Budget 2015: Arun Jaitley pushes for overhaul of regulatory, dispute resolution system4 min read . Updated: 01 Mar 2015, 12:48 AM IST
Finance minister emphasizes need to have procurement law
Finance minister emphasizes need to have procurement law
New Delhi: In a bid to simplify dispute resolution and regulatory procedures related to infrastructure, finance minister Arun Jaitley on Saturday unleashed a series of measures. The government, still dealing with the aftermath of coal and 2G allocation scams, is specifically targeting conflicts that public contracts in infrastructure give rise to. There is also a push to cut the red tape and eliminate time-consuming approval procedures.
As part of its aim to eliminate long-drawn legal battles arising out of public contracts and procurement, there is a push to bring in new laws as well as dispute resolution mechanisms. Stating that the government is “putting the scam, scandal and corruption Raj behind us", Jaitley announced the proposed arrival of Public Contract (Resolution of Disputes) Bill, which will “streamline the institutional arrangements for resolution of such disputes".
Additionally, he pointed out the need for the parliament to mull over a procurement law to counter “malfeasance in public procurement" and introducing an “institutional structure consistent with the UNCITRAL model" which gives best practices in public procurement.
Additionally, commercial disputes pending in the judicial system will be resolved more quickly with the setting up of “exclusive commercial divisions in various courts in India". A bill is likely to be tabled after consultation with concerned stakeholders, said Jaitley.
The UNCITRAL Model Law on Public Procurement, adopted in 2011, aims to avoid abuse in allocation process. It ensures “objectivity, fairness, participation and competition and integrity" and introduces “modern commercial techniques, such as e-procurement and framework agreements". If introduced, a law along these lines will lay down terms and conditions for procurement of public resources. This could also be a lesson the Supreme Court taught during the ongoing coal allocation matter. On multiple occasions, the court castigated the government for not having clear, defined criteria for coal block allocations and the less-than transparent role of the selection committee, in the process.
Introduction of one law to deal with issues of procurement of public resources, will be useful on two accounts—it will eliminate confusion arising from multiplicity of laws that deal with natural resources and lessen the scope of variation in interpreting the law.
“The idea is to simplify both procurement and dispute resolution processes which arise from allocation of resources," says Chandra Bhushan, deputy director general of Centre for Science and Environment, a Delhi-based research and advocacy organization. It will also take care of legal hurdles which impair public projects.

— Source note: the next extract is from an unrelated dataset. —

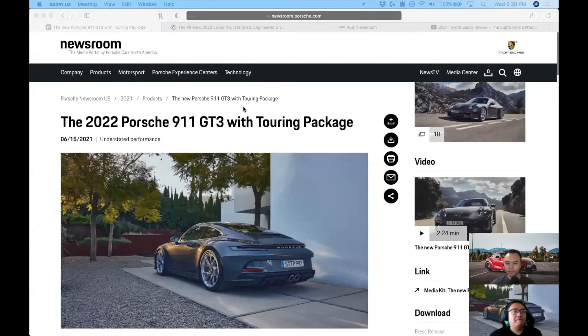Hello and welcome to Kicking Tires. My name is Jimmy and I'm Justin. Today we don't have that much news, but we've got some exciting stuff, so let's get into it.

For instance, there are frequent challenges against successful bidders or court-mandated stay on the process of bidding itself, according to V.P. Singh, partner at Amarchand & Mangaldas & Suresh A. Shroff & Co. “A law to this effect can regulate such challenges. There will be clear guidelines for exercising discretion and effectiveness with a clear plan on how to deal with these issues."
In similar vein is the government’s proposal to “introduce a regulatory reform law that will bring about a cogency of approach across various sectors of infrastructure". It comes on the heels of continuous delay and controversy that has dogged regulatory bodies across the board. Within the infrastructure sector, multiplicity of regulatory bodies and ‘the lack of common approach and philosophy in the regulatory arrangement’ has complicated procedures, as per Jaitely’s admission.
There is ample truth in the statement as orders issued by different authorities are often at variance and frequently challenged in courts. With multiple regulatory bodies, confusion persists, says Bhushan. “There is a problem in the way we are allocating resources—different ways of allocation are adopted in the same sector, by different regulators. We need a coherent approach which is cross-cutting and applicable across the one sector. However, there is a word of caution—one solution, one sector is acceptable but it will not work across sectors. What works in energy may not work in forest or water."
As part of its second desired aim to simplify regulatory procedures, Jaitley said he intended to appoint an expert committee “to examine the possibility and prepare a draft legislation where the need for multiple prior permissions can be replaced with a pre-existing regulatory mechanism." Citing the large amount of time and resources that the investors spend on getting multiple permissions, Jaitley cited the example of “the e-biz portal which integrates 14 regulatory permissions at one source".
The government is also eliminating avoidable litigation by doing away with areas prone to ambiguity. Discussing the corporate tax regime, Jaitley said that though there is high tax rate, “a regime of exemptions has led to pressure groups, litigation and loss of revenue". He also attributed these problems to ‘discretion’ which existed earlier. Jaitley has proceeded to lower the tax rate from 30% to 25% over the next four years.
Given the nature of changes brought, the legal hurdles may soon ease out, feels Singh. “This government is getting insurance for itself by replacing departmental guide lines with central laws. To stakeholders, it gives the scope of presumption and a stronger incentive to courts when it deals with challenges to this kind of law," he said.